Después de muchos tragos amargos de café mal tostado de esos que te hacen daño, entendí que no es así, que el acoso viene y está ahí, en procesos sobre los cuales ni siquiera debería de existir, o al menos donde se vuelve tan invisible porque está normalizado, como en la misma casa, en tu espacio, con los tuyos. ¿Cuántas de nosotras no hemos escuchado el caso de alguna mujer que lo haya vivido? Es más, ¿cuántas de nosotras no hemos sufrido este horrible acto llamado acoso?

El acoso hace más que reforzar la idea de que quien te acosa tiene el poder o el derecho de hacerlo.

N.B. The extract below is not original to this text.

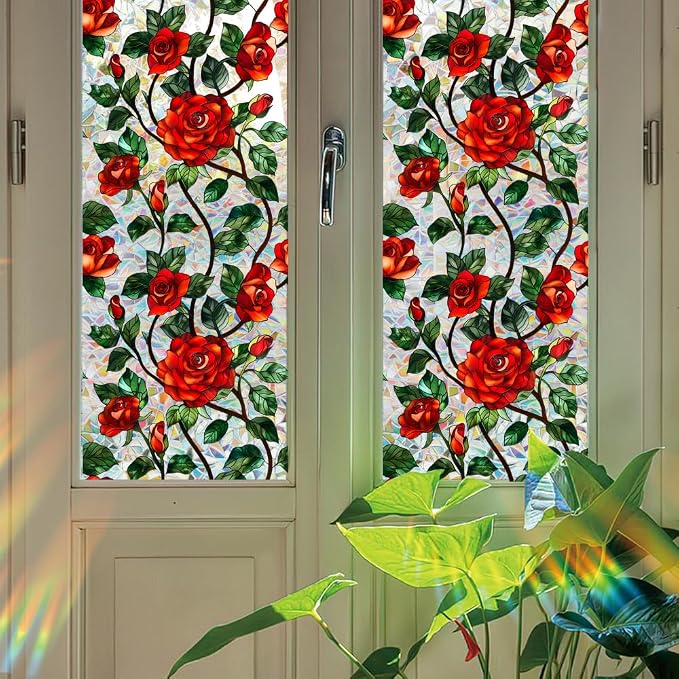 Bloss 3D Rose Stained Glass Windows Film Gothic, 17x78.7Inch Rainbow Floral - Image 9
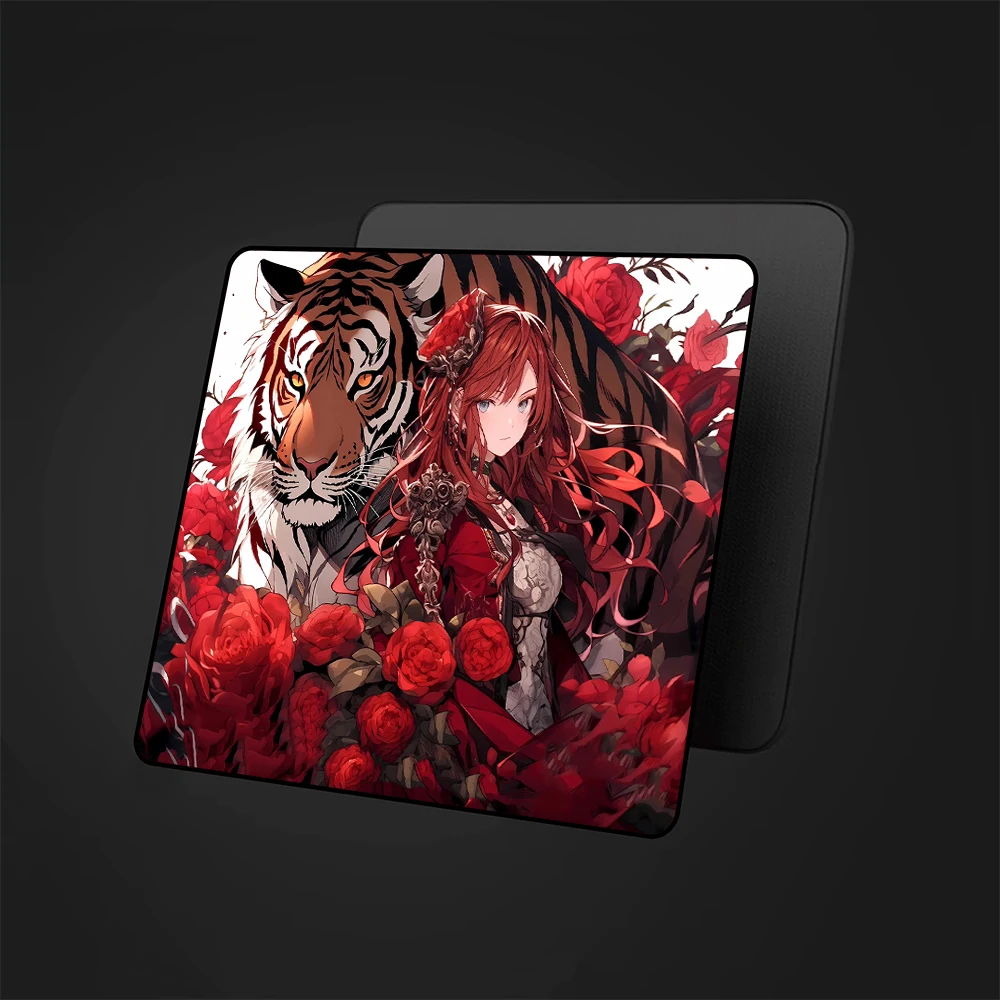 Tiger Gaming Mouse Mat Premium Gamer E-Sports Mousepad Anime Girl Speed Mouse Pad High Elastic Non-slip Bottom Keyboard Mat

El acoso también cambia tu vida, te provoca miedo, angustia, depresión algunas veces; y en otras hasta el terror de volver a hacer lo que hacías por no querer revivirlo. El acoso rompe con tu rutina, la transgrede, te maltrata emocionalmente y, en verdad, te jode el alma.

Vivir acoso es una de las cosas tan normales en los últimos días, pensé ese día, el primero en el que él intentó besarme a la fuerza. Y digo tan normales porque la hemos naturalizado: no falta quien en la calle haya sido hostigada por una persona, quien en la escuela a una de sus compañeras la estén molestando, quien en las redes sociales haya recibido miles de mensajes, otras más que por sus exparejas sean molestadas, y algunas en las que su trabajo sea un lugar propicio para el acoso.

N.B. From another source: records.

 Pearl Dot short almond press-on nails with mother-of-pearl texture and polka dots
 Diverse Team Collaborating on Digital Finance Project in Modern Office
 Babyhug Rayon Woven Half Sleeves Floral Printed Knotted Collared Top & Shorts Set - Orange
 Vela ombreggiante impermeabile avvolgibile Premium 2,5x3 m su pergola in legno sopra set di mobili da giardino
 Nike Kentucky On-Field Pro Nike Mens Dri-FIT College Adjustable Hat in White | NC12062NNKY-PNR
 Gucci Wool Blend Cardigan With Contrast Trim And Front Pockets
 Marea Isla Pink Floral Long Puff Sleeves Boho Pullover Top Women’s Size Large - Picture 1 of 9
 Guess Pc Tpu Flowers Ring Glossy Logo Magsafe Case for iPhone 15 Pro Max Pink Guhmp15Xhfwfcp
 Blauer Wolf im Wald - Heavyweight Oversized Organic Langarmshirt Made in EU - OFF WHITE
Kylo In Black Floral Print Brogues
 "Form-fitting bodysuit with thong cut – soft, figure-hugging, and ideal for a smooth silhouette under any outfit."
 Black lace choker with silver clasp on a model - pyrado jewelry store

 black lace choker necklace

Al final de todo esto, algunos hasta acá pensarán que estoy exagerando, y es así como me doy cuenta que al acoso lo hemos naturalizado. Y es que en México el 91 por ciento de los casos no sé denuncian, terminan en un llanto por parte de la víctima, un abrazo para ella y un “para la próxima toma precauciones”. No quería pensar en lo que pasaría si denunciaba, mis amigos ni siquiera me creían, ¿cómo iba a creerme alguien más?

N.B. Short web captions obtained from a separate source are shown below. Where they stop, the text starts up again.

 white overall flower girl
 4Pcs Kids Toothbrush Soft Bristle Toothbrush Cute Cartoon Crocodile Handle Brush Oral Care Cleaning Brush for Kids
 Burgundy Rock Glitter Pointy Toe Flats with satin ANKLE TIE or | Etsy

Un día, cuando él me envió un mensaje con una foto de su pene, por fin decidí hablar con alguien, pero, ¡vaya tontería!, sólo recibí un gran sermón sobre qué fue lo que yo hice para que él pensara eso. Quizás le había “dado entrada”; quizás yo le había coqueteado… Y entonces sentí en carne propia lo que viven las miles de mujeres que denuncian, la maldita revictimización, esa que te hace sentir que tú fuiste la culpable de que te pasaran cosas como éstas, porque claro, una es la que debe cuidarse de no ser acosada.

No tenía en ese momento a dónde ir, mis posibilidades económicas y los recursos con los que contaban eran nulos. Mi única seguridad era la silla con la que atranqué mi puerta cada noche, porque no quería ser parte de las 2 mil 733 mujeres que han sido agredidas sexualmente.* Al menos eso había leído en un diario como las estadísticas de mujeres que sufren violencia según el Inegi (* censo de 2018).

La única mujer en estos días era la voz de mi madre, que escuchaba por el teléfono todas las noches, ella creyendo que era un gesto bello de aquella hija que estaba lejos. Pero no se imaginaba que era su voz la que me reconfortaba y me daba valor para seguir saliendo de mi cuarto todos los días.

Nunca tuve la valentía de contarlo, sobre todo porque ya suficientes cosas en la vida me han dolido el alma, como para saber que mi “lugar seguro” también me lo estaban rompiendo. El acoso vivido por parte de alguien a quien le has confiado tu espacio puede ser devastador, porque te enfrentas al acosador de una manera muy vulnerable, con toda la guardia abajo y en plena confianza de la persona con la que estás conviviendo.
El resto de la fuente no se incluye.